Artist Statement
“For all history is the history of waste, of what was left behind, excreted, discarded or lost.” - Tom Chivers


Anouska Samms’ practice draws on matrilineal memory, women’s bodies in relationship to domesticity, and the intersection between design and fine art. She produces distinct ceramic sculptures, tapestries and moving image work. Human hair is her primary medium, sourced from strangers and family. It is bleached, cut and sewn as individual strands are bound together; all before it is woven into a textile on a domestic floor-loom.

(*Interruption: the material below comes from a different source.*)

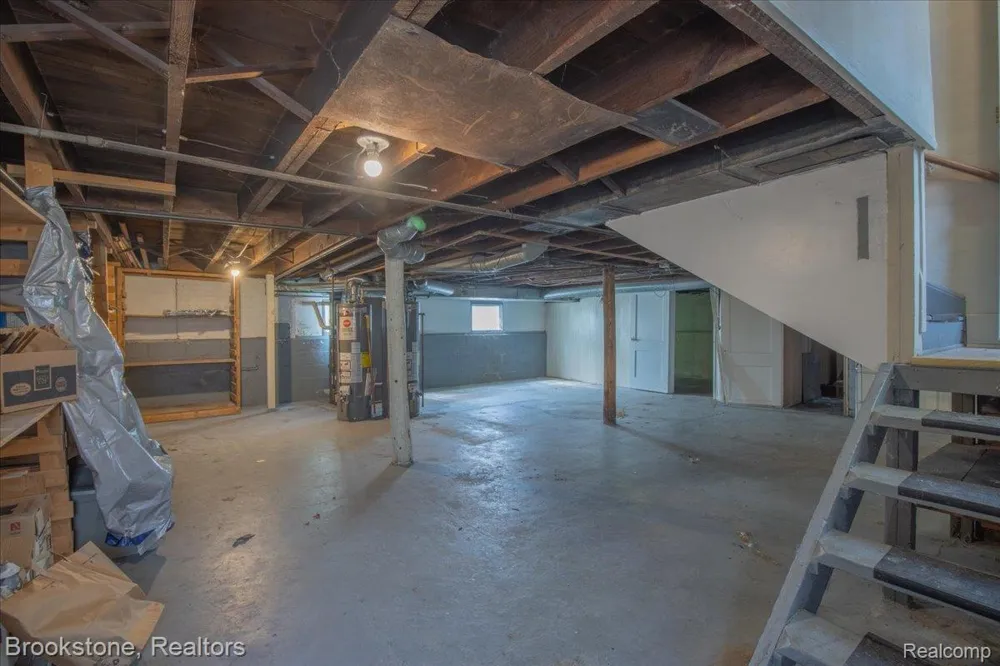 511 Woodcrest Drive Royal Oak City, MI 48067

Animated by the unforeseen qualities and unpredictable nature of the materials themselves, Samms’ sculptures are characterised by a ceaseless experimentation with structure, functionality and archetype. She draws on a breadth of references from British studio pottery to biomorphism, and the abstract painting style associated with the Art Informel movement of the 1960s. Samms looks at the mechanisms and aesthetics of traditional crafts as inspiration, however through her embrace of gesture, new hybrid structures are proposed. Working with synchronicities and accidents, nothing goes to waste or is discarded. Here perceived ‘failures’ - breakages in the kiln, unintentional rips in the cloth - are reimagined as deconstructions of traditional forms. Quiet processes of control, such as throwing and weaving, become processes where the accident is invited, even encouraged. Neither technique or material is prioritised over the other, yet their distinct errors and waste dictate the shape of their final form.

Samms alludes to the complex relationships between women’s bodies and domestic function. Her vessels, tapestries and most recently pieces of furniture; intentionally retain the shadow of their former domestic purpose. Yet the additional layering of materials such as sand, upcycled scraps of leather and silk, and patinated steel evoke a harsher reality of daily life. Here refined materials are combined with something more industrial, bridging a dichotomy between the soft and abrasive, the decorative and the disagreeable. Samms’ practice is to merge discordant elements. In recent works, messier layers are revealed through heavy coatings of oil paint and pastel over textiles and clay.

Typically a red textured clay body is used, as the impression of Samms’ fingers are imprinted on the surface by movements of punching, pinching, scratching and tearing apart. Delicate and fleshy, hair is often painstakingly woven with minute silk threads on the loom to create an uncharacteristically fragile exoskeleton for these clay bodies, filling the empty gaps of the fractured, solid surfaces. This is a process where loose points of connection are made within seemingly disparate edges and textures, pairing the beautiful with the abject.

One particular preoccupation is the different ways intergenerational knowledge is passed down, and the ways individual memories and habits become entwined within one household. Hair is a physical representation of these concerns, as mitochondrial DNA is found within the hair shaft and is passed down specifically to a child from their mother or pregnant parent. It carries knowledge in its very form, as it literally holds natural inheritances and patterns from mother to daughter. However Samms’ use of hair also signals further psychological enmeshment - or rather, learnt behaviour. Bearing autobiographical elements, the hair is exhaustedly organised, before it is typically dyed different shades of the same colour - an earthly auburn, humorously mirroring five generations of women in Samms’ family who had all chosen to colour their hair alike. Samms’ terms this ‘mother-imitation’, an obsessive conditioning within lineages. Through this work, the audience is invited to consider the overwhelming behaviours we create in our psychic and physical realities as a way to stay attached to our heritage and unknown identities of self.